Azure High Performance Computing (HPC) Blog

4 MIN READ

A quick start guide to benchmarking AI models in Azure: MLPerf Training v2.0

HugoAffaticati

Microsoft

Aug 03, 2022

By: Sonal Doomra, Program Manager 2, Hugo Affaticati, Program Manager, and Daramfon Akpan, Program Manager

Useful resources

Information on the NDm A100 v4-series

MLCommons® provides a distributed AI training benchmark suite: MLPerf^TM Training. Here is how to run MLPerf^TM training v2.0 benchmarks on NDm A100 v4 virtual machines.

1- Select and set up the virtual machine ND96amsr A100 v4 using the information given in this document.

2- Git clone the MLcommons® repo:

cd /mnt/resource_nvme
git clone https://github.com/mlcommons/training_results_v2.0.git

3- Set permissions

sudo chown -R $USER:$USER training_results_v2.0/

4- Navigate into the benchmark directory. BENCHMARK_NAME should be replaced by the benchmark you want to run (e.g. bert, rnnt, dlrm...).

cd training_results_v2.0/Azure/benchmarks/<BENCHMARK_NAME>/implementations/ND96amsr_A100_v4/

5- Make changes for NUMA bindings in azure.sh

vi azure.sh

For NDm A100 v4-series, paste the following lines in the file.

bind_cpu_cores=([0]="24-47" [1]="24-47" [2]="0-23" [3]="0-23" [4]="72-95" [5]="72-95" [6]="48-71" [7]="48-71")
bind_mem=([0]="1" [1]="1" [2]="0" [3]="0" [4]= "3" [5]="3" [6]="2" [7]="2")

6- Make changes to run_and_time.sh to reflect the right path to azure.sh (around line 125)

vi run_and_time.sh

Replace the line with the following.

CMD=( '/bm_utils/bind.sh' '--cpu=/bm_utils/azure.sh' '--mem=/bm_utils/azure.sh' '--ib=single' '--cluster=${cluster}' '--' ${NSYSCMD} 'python' '-u')

7- Make the changes to run_with_docker.sh file to point to correct path in mounted run_and_time.sh (around the middle of the file).

docker exec -it "${_config_env[@]}" "${CONT_NAME}" \
${TORCH_RUN} --nproc_per_node=${DGXNGPU} /bm_utils/run_and_time.sh
) |& tee "${LOG_FILE_BASE}_${_experiment_index}.log"

8- Make changes to config file to account for hyperthreads and number of GPUs, only the values below must be updated:

vi config_DGXA100_1x8x56x1.sh

export DGXNGPU=8
export DGXSOCKETCORES=48
export DGXNSOCKET=2
export DGXHT=1

9- Run the command to source the config file:

source ./config_DGXA100_1x8x56x1.sh

The next steps are different for each benchmark.

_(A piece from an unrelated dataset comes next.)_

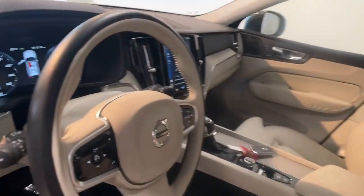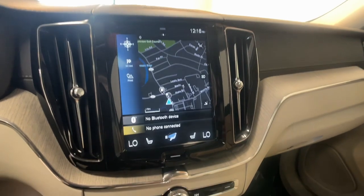Apple CarPlay and or Android Auto. Navigation system. Keyless entry. Heated driver's seat. Moonroof. Power passenger seat. Woodgrain interior trim. Heated mirrors.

10- Follow Readme.txt for the benchmark to download and prepare the data.

Note: While downloading the data, make sure you have enough space. Tip: Use the /mnt/resource_nvme directory to store the data.

11- Run the following command to get the docker image name and tag.

docker images

Note the image name and tag associated with the benchmark you are running. <CONTAINER_NAME> in the next step is <REPOSITORY>:<TAG>

12- The command below runs the benchmark. Note that each benchmark has its own environment variables to set before we run. Please read the explanation of the variables to understand what value to give to each variable.

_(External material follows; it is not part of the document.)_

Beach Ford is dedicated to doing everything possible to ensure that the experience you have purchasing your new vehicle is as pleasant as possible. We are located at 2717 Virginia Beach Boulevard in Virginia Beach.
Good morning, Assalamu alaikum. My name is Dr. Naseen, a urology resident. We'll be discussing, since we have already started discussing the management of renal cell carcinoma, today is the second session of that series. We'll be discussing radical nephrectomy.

Run the command below to set the number of experiments to run

export NEXP=10

BERT

CONT=<CONTAINER_NAME> DATADIR=<path/to/4320_shards_varlength/dir> DATADIR_PHASE2=<path/to/4320_shards_varlength/dir> EVALDIR=<path/to/eval_varlength/dir> CHECKPOINTDIR=<path/to/result/checkpointdir> CHECKPOINTDIR_PHASE1=<path/to/pytorch/ckpt/dir> ./run_with_docker.sh

The variables in the above command refer to the directory structure created by the Data download and preprocessing steps.

DATADIR: Point this to the 4320_shards_varlength folder downloaded with the training dataset.
DATADIR_PHASE2: Point this to the 4320_shards_varlength folder downloaded with the training dataset.
EVALDIR: Point this to the eval_varlength folder downloaded with the validation dataset.
CHECKPOINTDIR: Point this to a new results folder under bert data directory.
CHECKPOINTDIR_PHASE1: Point this to the phase1 folder within the bert data directory.

RNNT

CONT=<CONTAINER_NAME> DATADIR= </path/to/rnnt/datasets/dir> METADATA_DIR=</path/to/tokenized/folder/under/data/dir> SENTENCEPIECES_DIR=</path/to/sentencepieces/folder/under/data/dir> LOGDIR=./results ./run_with_docker.sh

DATADIR: Point this to the directory where RNNT data is downloaded.
METADATA_DIR: Point this to the folder called ‘tokenized’ within the downloaded RNNT data.
SENTENCEPIECES_DIR: Point this to the folder called “sentencepieces” within the downloaded RNNT data.

ResNet50

CONT=<CONTAINER_NAME> DATADIR=/path/to/resnet_data/prep_data/ LOGDIR=./results ./run_with_docker.sh

DATADIR: Point this to the folder called “prep_data” inside the downloaded Resnet data.

Minigo

CONT=<CONTAINER_NAME> DATADIR=/path/to/minigo_data/ ./run_with_docker.sh

DLRM

CONT=<CONTAINER_NAME> DATADIR=/path/to/dlrm_data / LOGDIR=./results ./run_with_docker.sh

SSD

CONT=<CONTAINER_NAME> DATADIR=/path/to/ssd_data TORCH_HOME=/torch-home LOGDIR=./results ./run_with_docker.sh

TORCH_HOME: Create a new folder. Mkdir /torch-home.
Point this variable to the newly created /torch-home directory.

Mask R-CNN

CONT=<CONTAINER_NAME> DATADIR=/path/to/maskrcnn_data/ LOGDIR=./results ./run_with_docker.sh

Updated Nov 01, 2022

Version 5.0

hpc